▸ **Work instructions**
All of the data must be written out verbatim, with pictures excluded.
(Information provided)
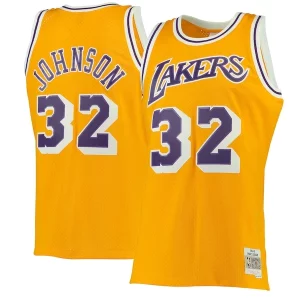 Magic Johnson Los Angeles Lakers 1984/85 Exceptionnel Hardwood Classics Swingman Jersey Gold/Purple - Garantie satisfaction - Si vous n'êtes pas satisfait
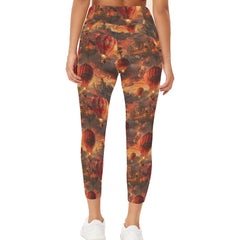 Steampunk Hot Air Balloon Yoga Leggings - High Waist, 3/4 Length with Pockets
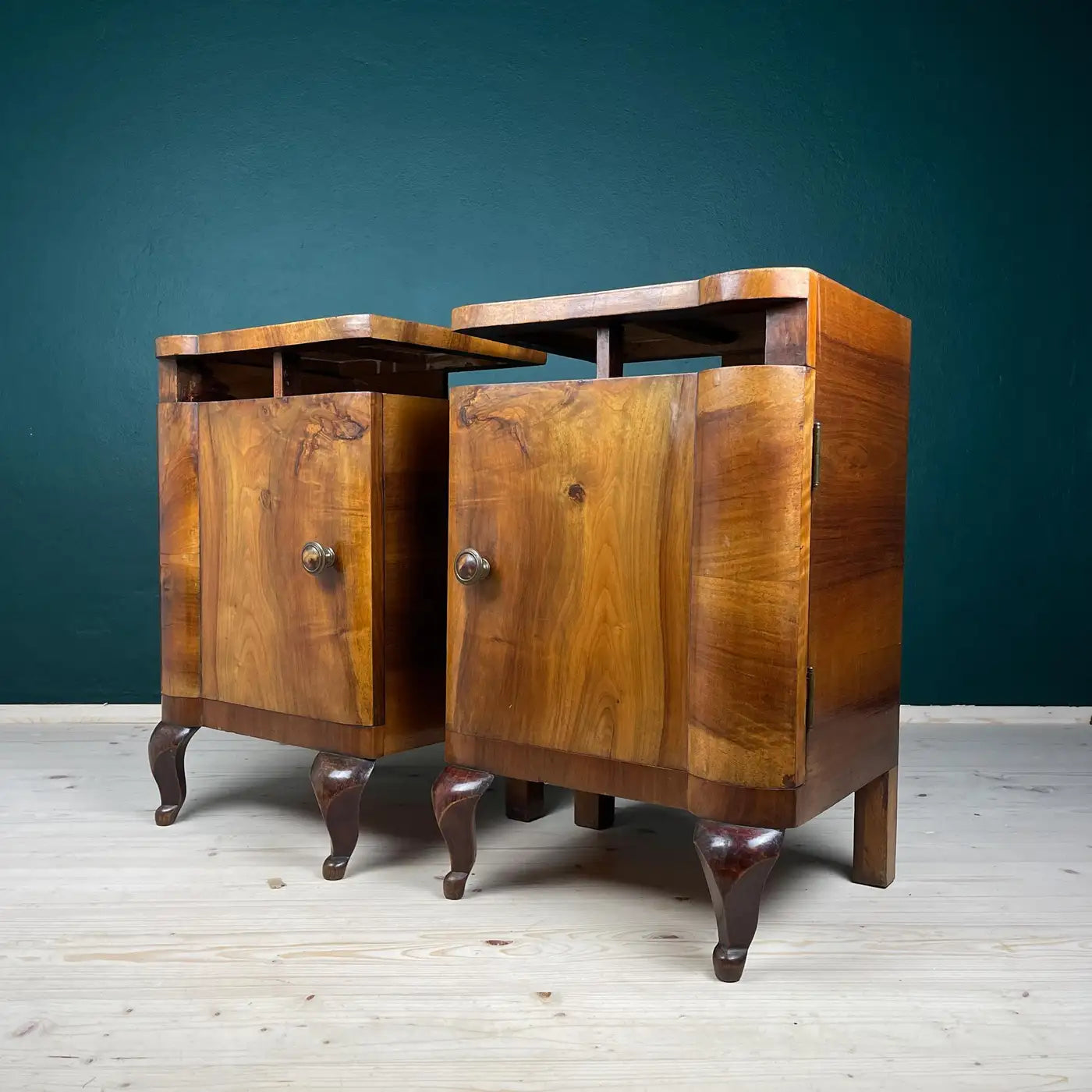 Antique wood nightstand, Italy, 1940s, Set of 2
(End Information provided)
▸ **Exercise response**
 Magic Johnson Los Angeles Lakers 1984/85 Exceptionnel Hardwood Classics Swingman Jersey Gold/Purple - Garantie satisfaction - Si vous n'êtes pas satisfait
 Steampunk Hot Air Balloon Yoga Leggings - High Waist, 3/4 Length with Pockets
 Antique wood nightstand, Italy, 1940s, Set of 2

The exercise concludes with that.